Update: A successful touch down at Salina for Steve Fossett and the Global Flyer at 13:50 local time (19:50UTC) on Thursday the 3rd of March, some 67 hours after they took from there on the round the world trip.

Wednesday, March 02, 2005

Global Flyer in trouble

The Virgin Atlantic Global Flyer, which successfully took off from Salina Airport in Kansas just after midnight on Tuesday, may now be running into difficulties. The BBC is reporting that Steve Fossett is running short of fuel and, rather than risk crossing the Pacific, may be forced to land in Japan.

Update: Steve Fossett has decided to cross the Pacific Ocean at least as far a Hawaii. At this point the situation will be assessed and a decision will be made, either to land in Hawaii, or continue on to the west coast of the United States.

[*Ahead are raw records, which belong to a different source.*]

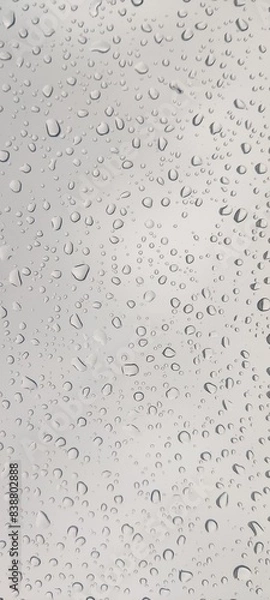 Fototapeta a picture of rain on a car's windshield as seen through the window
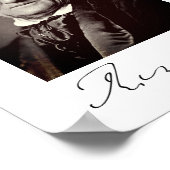 Portret van Richard Wagner Poster (Hoek)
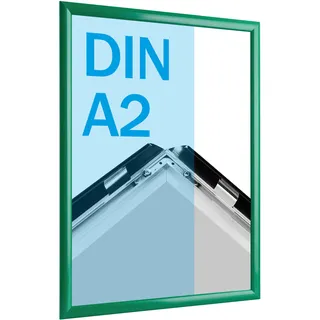 Klapprahmen A2 Standard grün  | 25 mm | Gehrung, Aluminium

Update: The decision has been made for Steve to continue onwards towards the mainland. Whether he can make it all the way around the world is still an open question, he may be forced to land on the west coast at the first available landing strip on Catalina Island.

Update: A successful touch down at Salina for Steve Fossett and the Global Flyer at 13:50 local time (19:50UTC) on Thursday the 3rd of March, some 67 hours after they took from there on the round the world trip.

Tuesday, March 01, 2005

Telescope Networks Workshop

I've been volunteered, shanghaied even, and I'm running my first conference. This is sometimes viewed as a coming of age ritual in academia, especially if it involves the editing of voluminous proceedings.

In July this year the Exeter Astrophysics Group and the eSTAR project will be hosting the HTN Workshop in the Southgate Hotel here in Exeter, and for my sins I'm heading up the local organising committee.

So if you're interested in such things as robotic telescope networks and event notification you should be thinking about coming to the cathedral city of Exeter, here in the South West of England, later this year. We'll be talking about robotic telescopes and how to make them talk to each other. Should be fun...

Take off for the Global Flyer

The 2nd record attempt in Feb. 2006
Take-off on the 8th of Feb. for Steve Fossett
Touch down in Bouremouth on the 10th Feb.

I'm currently watching the live feed from the Virgin Atlantic Global Flyer which successfully took off, slightly behind schedule, at about 45 minutes past midnight UK time.

Take off for the Virgin Atlantic Global Flyer

Take off looked nominal, although I'm now only getting intermittent video without audio, and the tracking page on the Global Flyer site is timing out when I try an update it. I guess I'm not the only one trying to follow the initial stages of the mission...

Update: I beat BBC News to press by 25 minutes with this post, I'm feeling sort of smug about that...

Update: A successful touch down at Salina for Steve Fossett and the Global Flyer at 13:50 local time (19:50UTC) on Thursday the 3rd of March, some 67 hours after they took from there on the round the world trip.